Instructions to follow:
Every line below that mentions the word "Vinyl" should be copied out.
** Opening Data in this exercise block **
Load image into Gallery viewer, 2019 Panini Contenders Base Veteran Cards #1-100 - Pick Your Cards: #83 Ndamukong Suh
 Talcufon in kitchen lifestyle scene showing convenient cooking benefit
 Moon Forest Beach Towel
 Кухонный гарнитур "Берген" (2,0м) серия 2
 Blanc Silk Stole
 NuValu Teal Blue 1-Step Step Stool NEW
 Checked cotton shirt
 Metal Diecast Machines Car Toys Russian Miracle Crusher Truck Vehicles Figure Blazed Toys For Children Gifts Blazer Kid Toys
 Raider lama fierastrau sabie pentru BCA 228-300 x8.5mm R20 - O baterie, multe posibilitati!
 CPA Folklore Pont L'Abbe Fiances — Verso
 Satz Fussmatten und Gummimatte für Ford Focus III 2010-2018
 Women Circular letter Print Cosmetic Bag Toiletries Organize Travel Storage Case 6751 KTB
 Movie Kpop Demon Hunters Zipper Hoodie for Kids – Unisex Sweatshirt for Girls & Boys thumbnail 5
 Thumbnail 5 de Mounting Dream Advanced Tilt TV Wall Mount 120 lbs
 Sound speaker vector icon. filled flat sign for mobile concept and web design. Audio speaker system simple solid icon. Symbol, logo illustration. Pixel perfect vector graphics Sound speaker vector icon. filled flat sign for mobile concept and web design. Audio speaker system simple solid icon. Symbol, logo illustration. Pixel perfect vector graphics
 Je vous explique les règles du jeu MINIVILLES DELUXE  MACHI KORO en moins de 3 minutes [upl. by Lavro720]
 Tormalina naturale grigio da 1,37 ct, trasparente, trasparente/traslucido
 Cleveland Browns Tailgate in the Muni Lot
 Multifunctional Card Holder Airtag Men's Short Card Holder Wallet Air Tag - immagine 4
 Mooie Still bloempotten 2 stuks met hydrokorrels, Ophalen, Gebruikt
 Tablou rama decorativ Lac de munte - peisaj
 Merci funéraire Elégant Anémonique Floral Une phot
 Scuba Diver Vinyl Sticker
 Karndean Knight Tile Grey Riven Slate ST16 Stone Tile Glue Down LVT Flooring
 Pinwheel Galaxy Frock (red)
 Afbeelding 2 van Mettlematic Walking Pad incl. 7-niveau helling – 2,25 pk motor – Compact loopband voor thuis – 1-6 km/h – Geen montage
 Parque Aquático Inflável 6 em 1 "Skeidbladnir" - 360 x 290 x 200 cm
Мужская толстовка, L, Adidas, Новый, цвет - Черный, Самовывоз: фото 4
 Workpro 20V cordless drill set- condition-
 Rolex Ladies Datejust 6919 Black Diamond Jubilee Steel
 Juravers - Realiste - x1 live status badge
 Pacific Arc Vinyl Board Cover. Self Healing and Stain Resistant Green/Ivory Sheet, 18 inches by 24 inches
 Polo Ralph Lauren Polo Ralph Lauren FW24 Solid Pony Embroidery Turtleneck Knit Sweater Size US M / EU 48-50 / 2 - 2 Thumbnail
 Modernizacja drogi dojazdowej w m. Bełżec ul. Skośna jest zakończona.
** Closing Data in this exercise block **
Exercise solution:
 Scuba Diver Vinyl Sticker
 Pacific Arc Vinyl Board Cover. Self Healing and Stain Resistant Green/Ivory Sheet, 18 inches by 24 inches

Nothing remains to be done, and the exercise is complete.